• **YOUR OBJECTIVE**:
Repeat exactly, and only, the lines below starting at the line that contains "阿莫羅芬EP雜質(zhì)J鹽酸鹽,Amorolfine EP Impurity" and ending at the line that contains "Natalie Jaramillo - @cole_sprouse_spams", inclusive of both.

• **SOURCE DATA**:

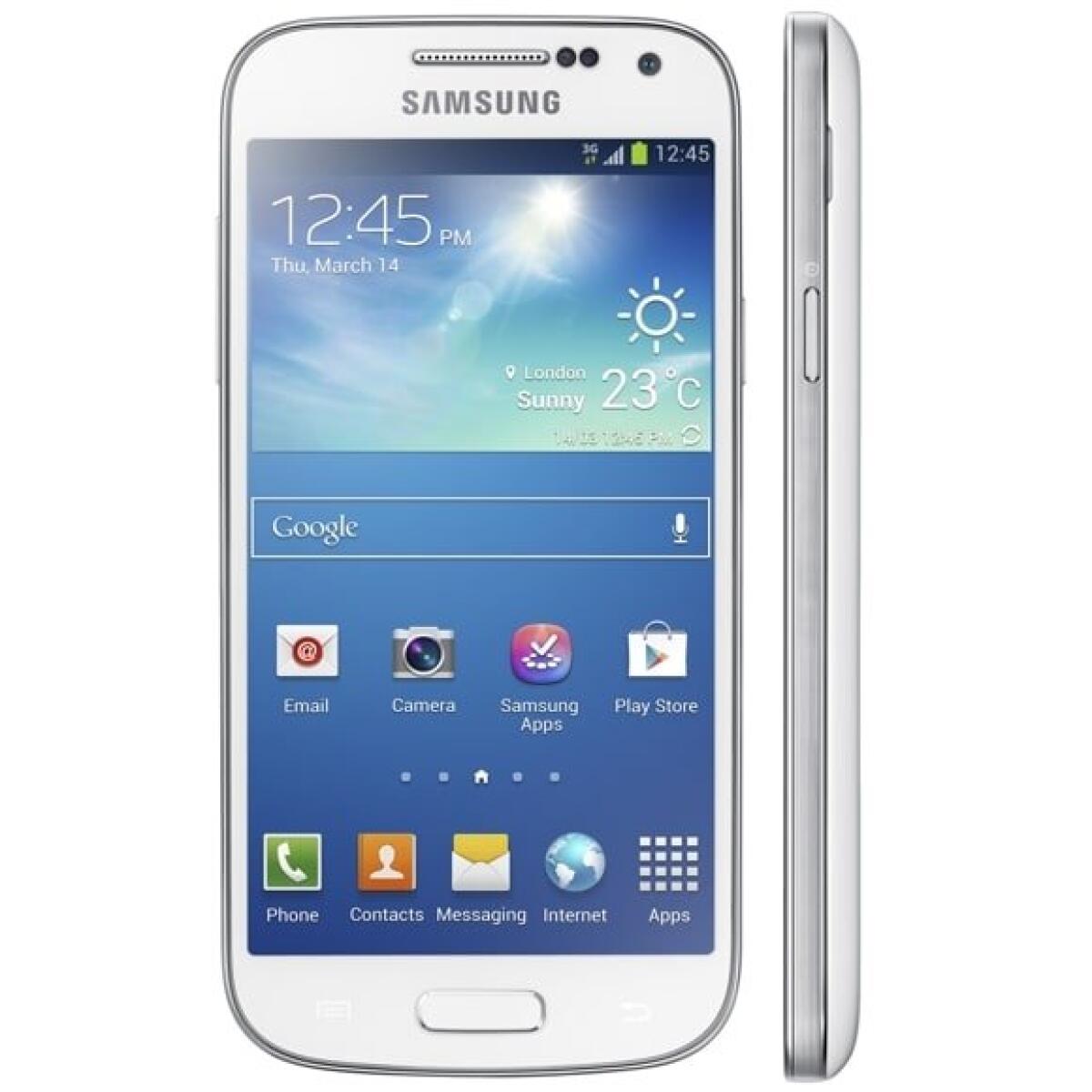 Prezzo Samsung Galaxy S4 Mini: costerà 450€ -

* * *

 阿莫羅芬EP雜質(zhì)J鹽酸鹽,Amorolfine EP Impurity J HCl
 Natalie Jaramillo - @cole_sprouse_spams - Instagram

• **SOLVED PROBLEM**:
 阿莫羅芬EP雜質(zhì)J鹽酸鹽,Amorolfine EP Impurity J HCl
 Natalie Jaramillo - @cole_sprouse_spams - Instagram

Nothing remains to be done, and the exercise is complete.